Shown below is a listing with pictures; reproduce exactly, and only, the lines between the ones containing "candid wedding photos" and "Used 2025 Land", inclusive, leaving the pictures out.

::: Dataset content :::

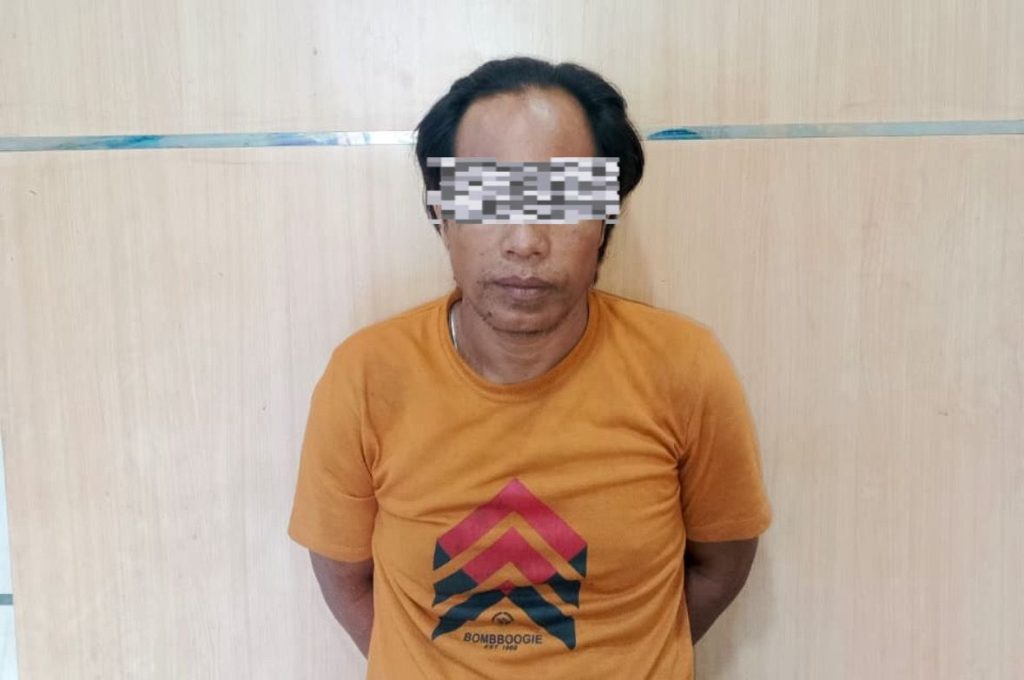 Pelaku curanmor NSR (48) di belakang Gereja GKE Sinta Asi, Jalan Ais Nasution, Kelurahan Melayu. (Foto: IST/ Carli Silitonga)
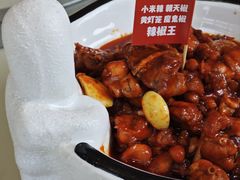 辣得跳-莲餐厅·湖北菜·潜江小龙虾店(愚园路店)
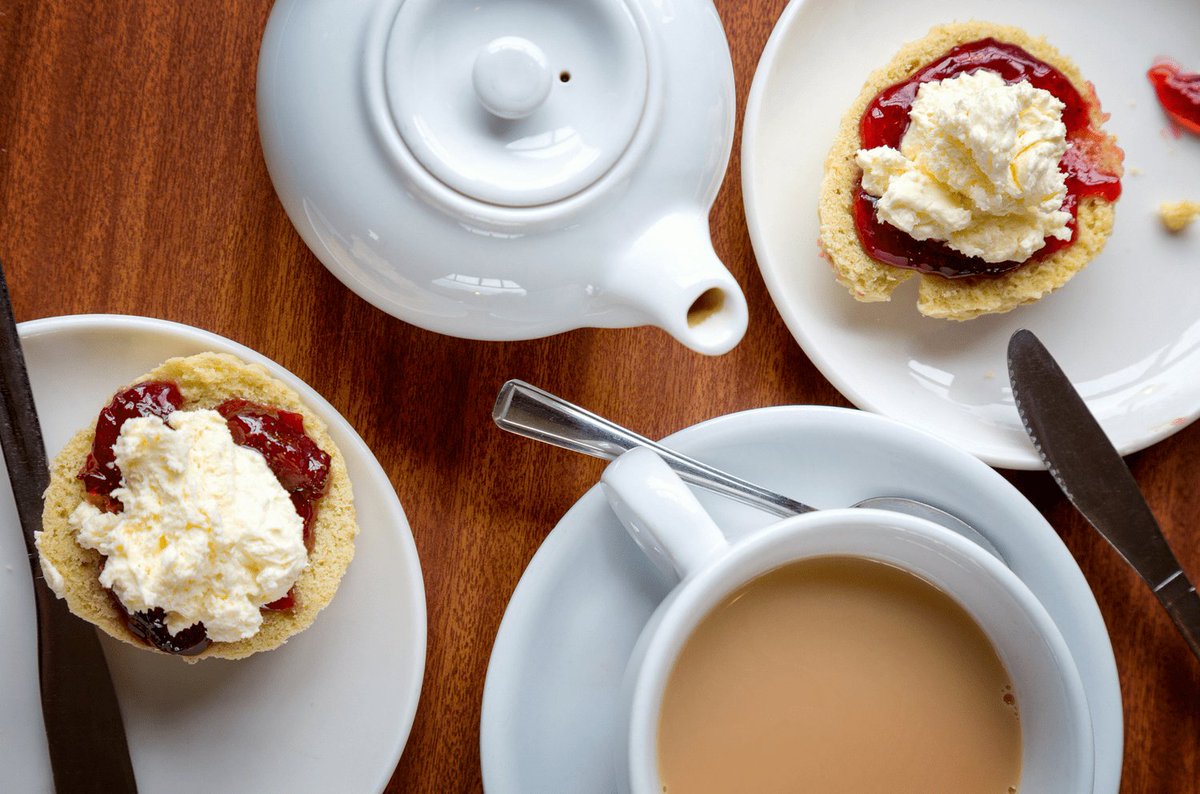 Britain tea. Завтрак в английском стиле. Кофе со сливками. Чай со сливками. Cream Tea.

:::
::: Dataset content :::

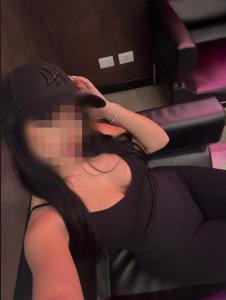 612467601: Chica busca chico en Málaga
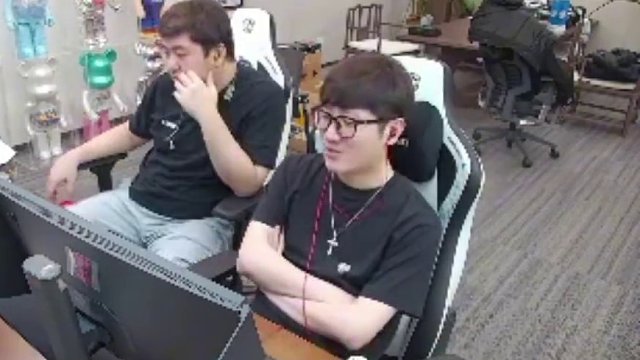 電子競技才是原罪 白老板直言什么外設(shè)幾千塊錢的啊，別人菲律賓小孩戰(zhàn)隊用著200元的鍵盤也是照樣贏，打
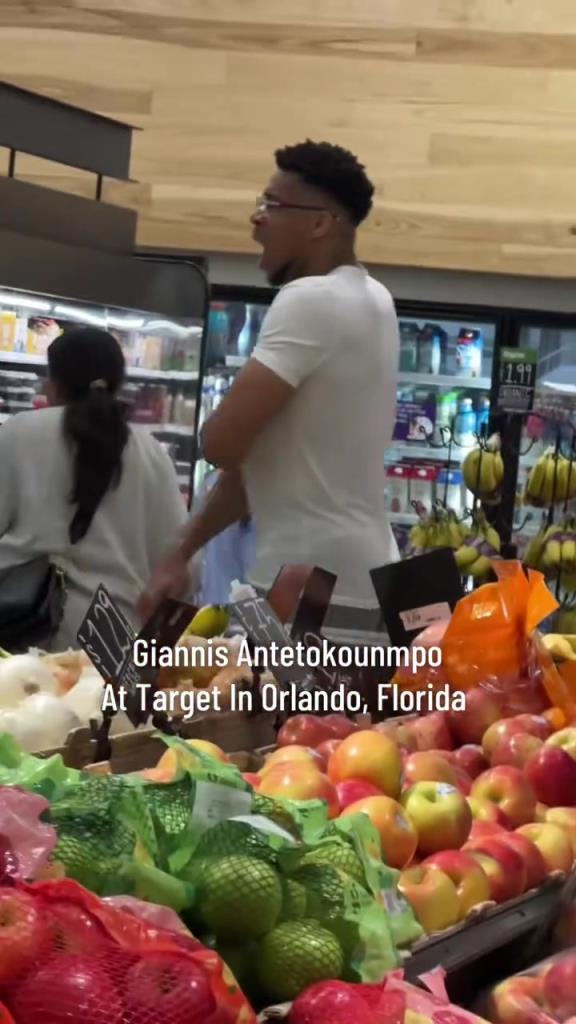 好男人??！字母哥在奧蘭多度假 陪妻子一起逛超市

:::
::: Dataset content :::

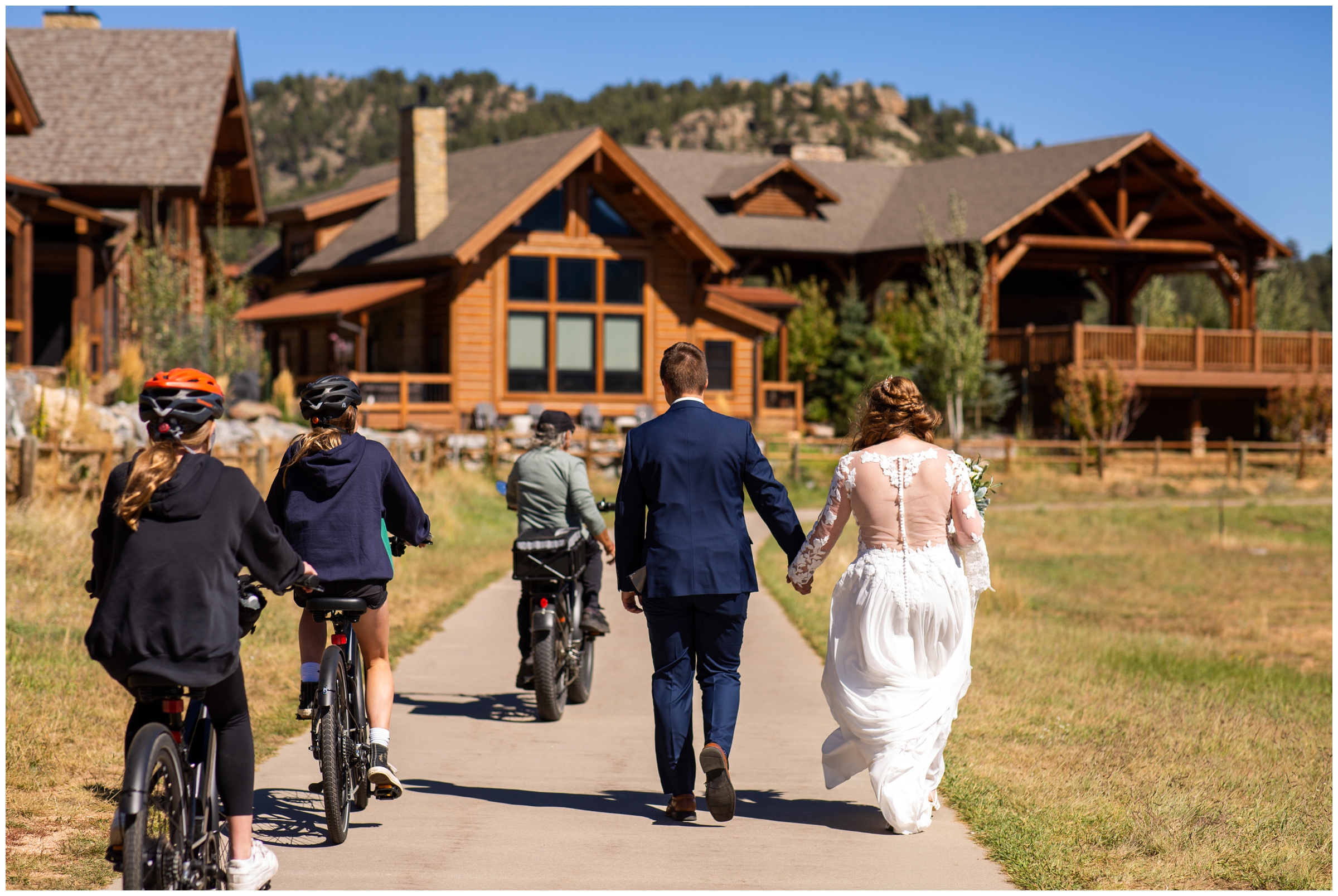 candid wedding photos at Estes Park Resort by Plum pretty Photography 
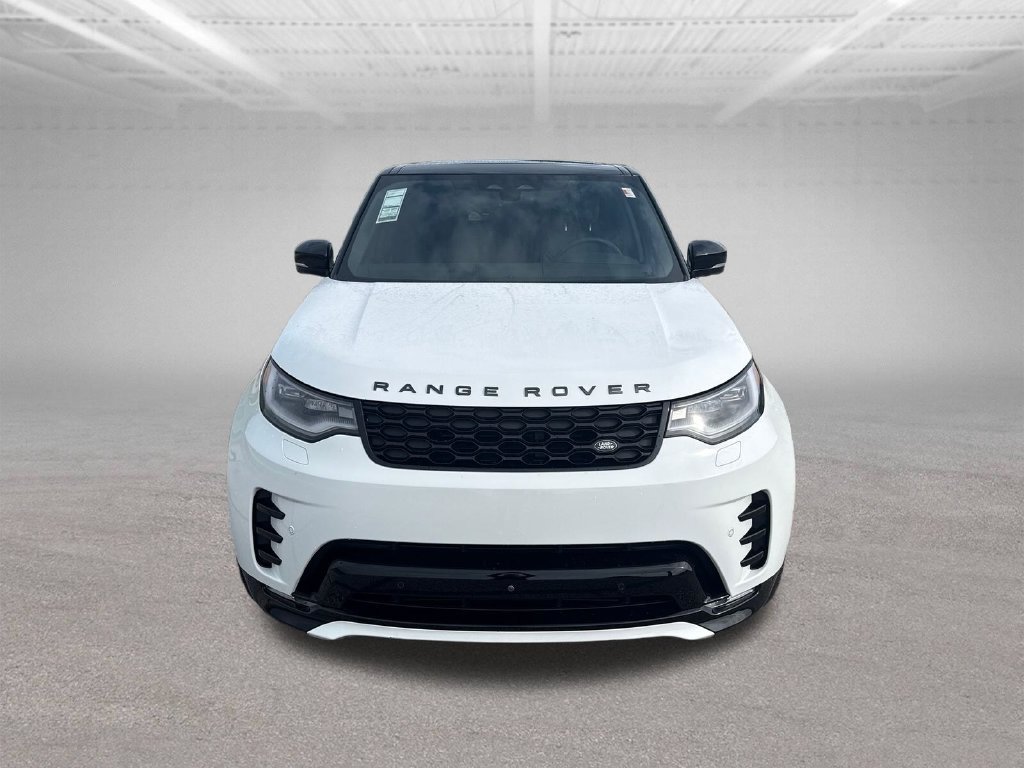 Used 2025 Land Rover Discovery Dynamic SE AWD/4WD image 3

:::

Answer for the task:
 candid wedding photos at Estes Park Resort by Plum pretty Photography 
 Used 2025 Land Rover Discovery Dynamic SE AWD/4WD image 3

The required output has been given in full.